» Exercise description
The answer must consist of every line in the data below that holds the word "Cincinnati".

» Dataset content
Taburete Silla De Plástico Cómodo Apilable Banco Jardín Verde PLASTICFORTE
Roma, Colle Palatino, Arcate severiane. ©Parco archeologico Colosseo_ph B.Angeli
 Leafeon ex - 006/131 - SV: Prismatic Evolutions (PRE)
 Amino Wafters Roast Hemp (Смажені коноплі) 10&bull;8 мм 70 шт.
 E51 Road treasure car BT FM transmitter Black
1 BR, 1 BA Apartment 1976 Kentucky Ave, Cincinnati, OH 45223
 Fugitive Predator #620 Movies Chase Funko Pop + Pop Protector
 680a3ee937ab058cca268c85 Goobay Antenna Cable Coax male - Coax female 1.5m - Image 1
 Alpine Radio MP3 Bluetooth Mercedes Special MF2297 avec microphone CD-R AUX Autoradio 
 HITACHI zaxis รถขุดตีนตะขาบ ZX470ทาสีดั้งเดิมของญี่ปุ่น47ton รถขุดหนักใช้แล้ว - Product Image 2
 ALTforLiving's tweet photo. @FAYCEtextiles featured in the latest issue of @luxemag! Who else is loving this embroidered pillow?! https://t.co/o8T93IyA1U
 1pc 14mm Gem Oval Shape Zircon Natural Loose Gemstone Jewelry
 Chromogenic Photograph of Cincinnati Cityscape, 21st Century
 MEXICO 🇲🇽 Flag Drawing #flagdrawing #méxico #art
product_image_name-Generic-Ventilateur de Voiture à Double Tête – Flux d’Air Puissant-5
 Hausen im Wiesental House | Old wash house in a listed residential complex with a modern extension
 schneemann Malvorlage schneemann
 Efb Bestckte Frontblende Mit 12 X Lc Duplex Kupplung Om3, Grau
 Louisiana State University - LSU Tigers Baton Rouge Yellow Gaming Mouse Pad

» Your response
1 BR, 1 BA Apartment 1976 Kentucky Ave, Cincinnati, OH 45223
 Chromogenic Photograph of Cincinnati Cityscape, 21st Century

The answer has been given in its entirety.